Is my Framer site really mine?
You designed it, you wrote it, you pay for it — so your Framer site is yours, right? Mostly. The content and design are yours; the thing keeping it online is Framer's hosting. Understanding that difference is the key to never being locked in.
What you own vs what Framer hosts
Your text, images, branding, and the design you built are your content. What you don't directly hold is the running copy: a published Framer site is served from Framer's infrastructure, and it stays online as long as your account and plan are active. The design is yours; the delivery is rented.
Why hosted-only is a risk
If a plan lapses, a price changes, an account is closed, or a platform pivots, a hosted-only site can simply stop being served — and you're left with whatever you can scrape back together. That's not a knock on Framer specifically; it's true of any builder where your only copy lives on the vendor's servers.

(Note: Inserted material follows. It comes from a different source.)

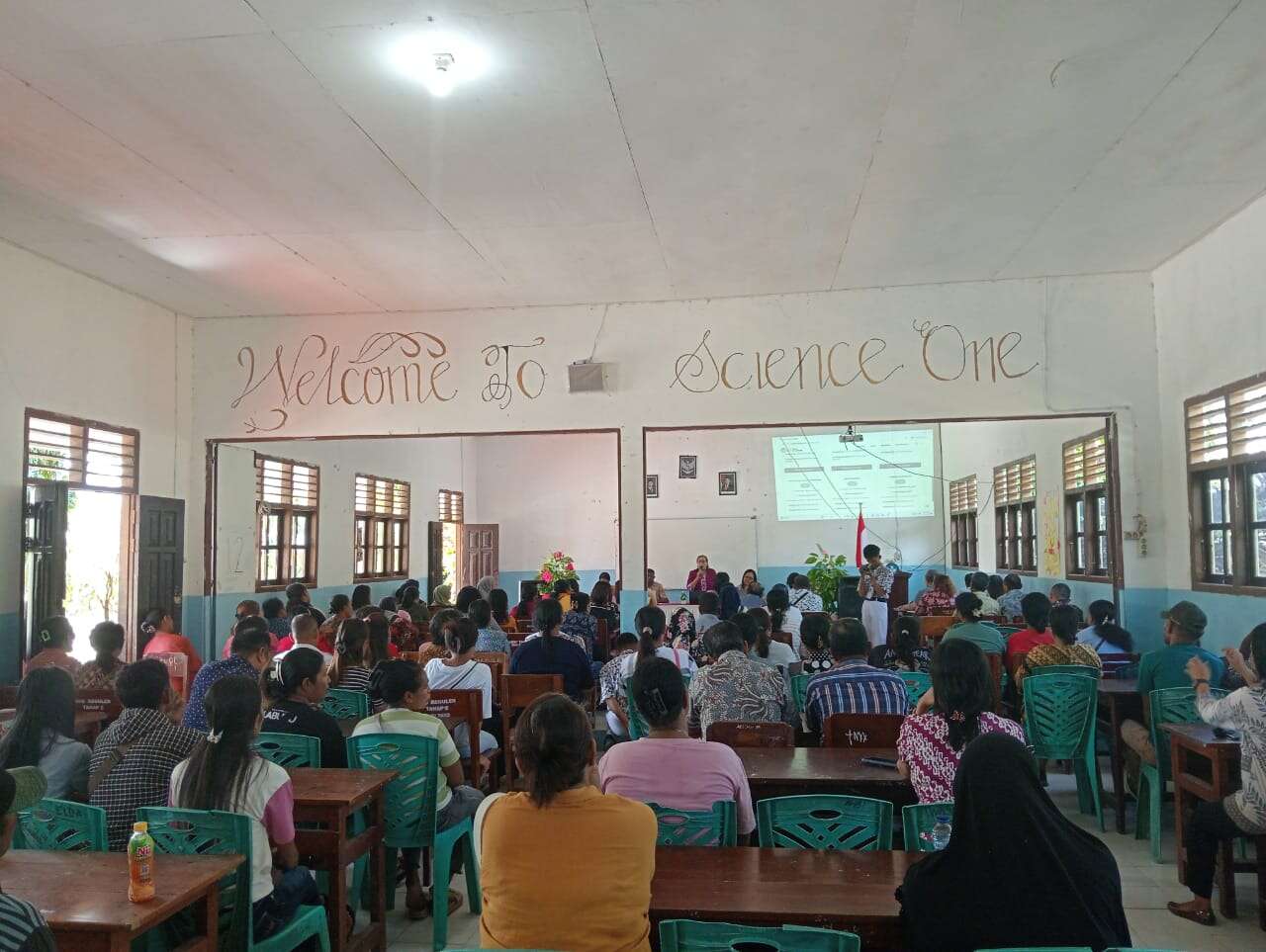 Rapat Bersama Orang tua Wali siswa KElas XI dan XII dengan Kepala Sekolah SMA PGRI DOBO Tahun AJaran 2025/2026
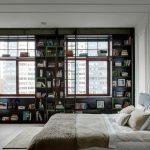 Kleiderschrank rund um die Fensteröffnung Designideen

Data portability is your right
Under GDPR Article 20, you have the right to data portability — to obtain and reuse your own content. Keeping an independent, self-contained copy of your site is a normal exercise of that right. unhost is built squarely around ownership, not circumvention: only export sites you own or control.
How to actually hold your site
The practical answer is to keep a copy that renders entirely on its own — no calls back to the platform. That's exactly what an unhost export is: every asset bundled into your files, verified to load with 0 broken images even with Framer's servers blocked. From there you can back it up or host it anywhere on your own terms.
FAQ
Do I own the content of my Framer site?
Yes — your text, images, branding, and design are yours. What's tied to the platform is the hosted, running copy that's served from Framer's infrastructure.
What happens to my site if I cancel Framer?
A hosted-only site can stop being served when the plan or account ends. Keeping a self-contained export means you always have a working copy you control.
Am I allowed to export my own site?
Yes. Exporting your own published content is a normal exercise of data portability (GDPR Article 20). Only export sites you own or control.
Does keeping a copy break Framer's terms?
Exporting your own site for portability and backup is about ownership, not circumvention. Keep using Framer if you like — an export is simply an independent copy you also hold.